## About this exercise
In the records below, find the line with "Conroe - Montgomery cover — January 2020" and the line with "uxcell Electronic Radiators"; return exactly those lines and every line between them.

## Dataset content

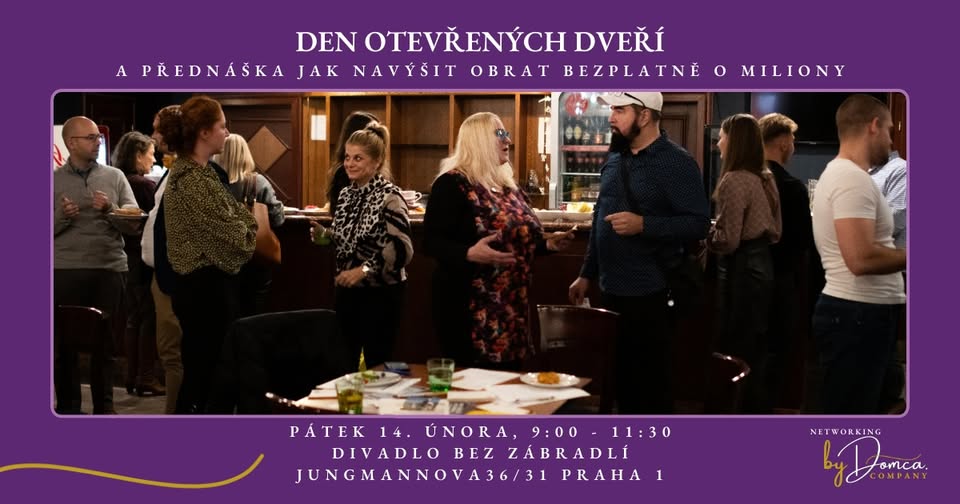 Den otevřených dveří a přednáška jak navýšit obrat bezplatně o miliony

==

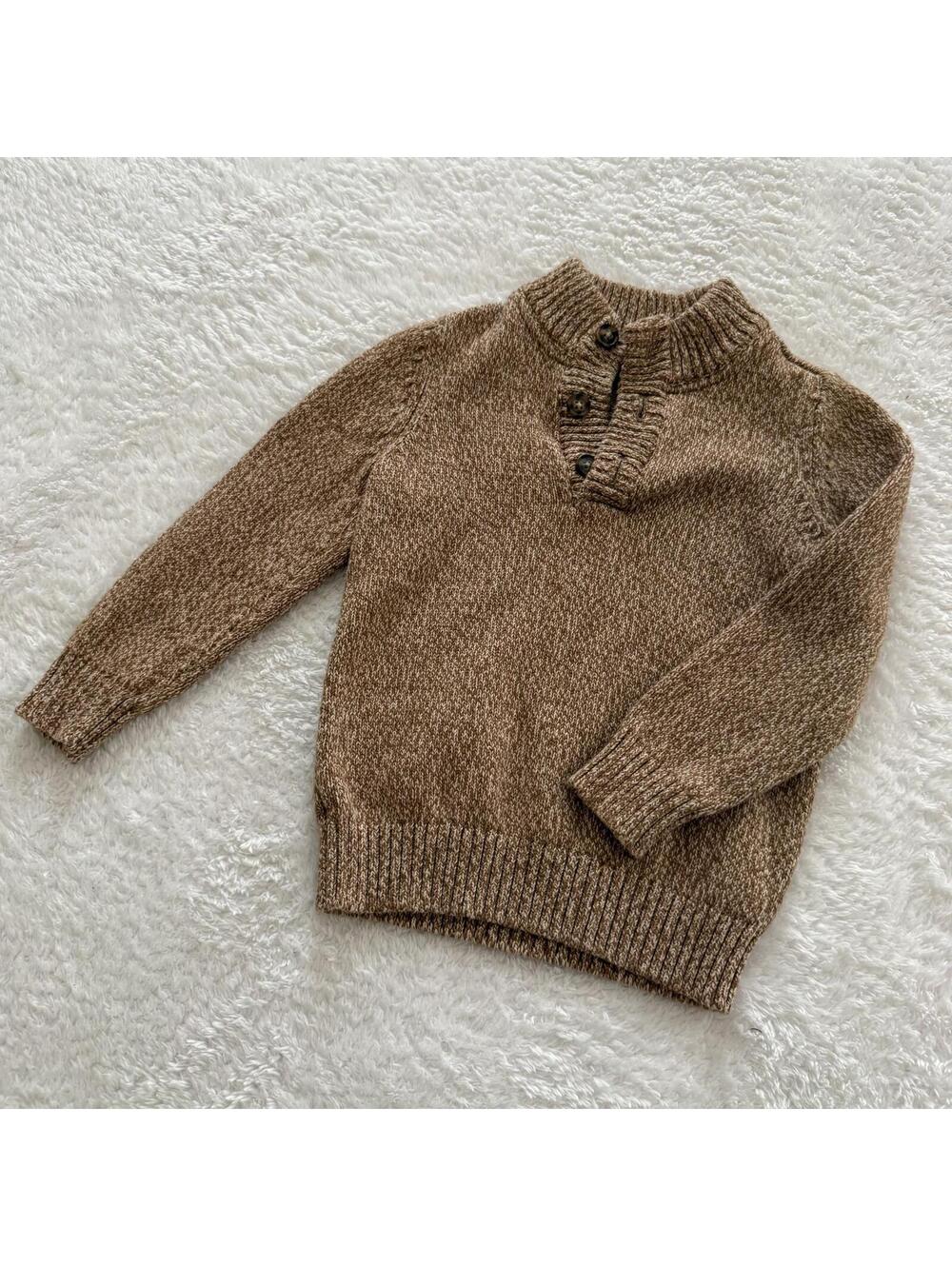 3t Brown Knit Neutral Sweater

==

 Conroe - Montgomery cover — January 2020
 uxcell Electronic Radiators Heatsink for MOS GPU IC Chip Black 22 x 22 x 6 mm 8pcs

## Exercise solution
 Conroe - Montgomery cover — January 2020
 uxcell Electronic Radiators Heatsink for MOS GPU IC Chip Black 22 x 22 x 6 mm 8pcs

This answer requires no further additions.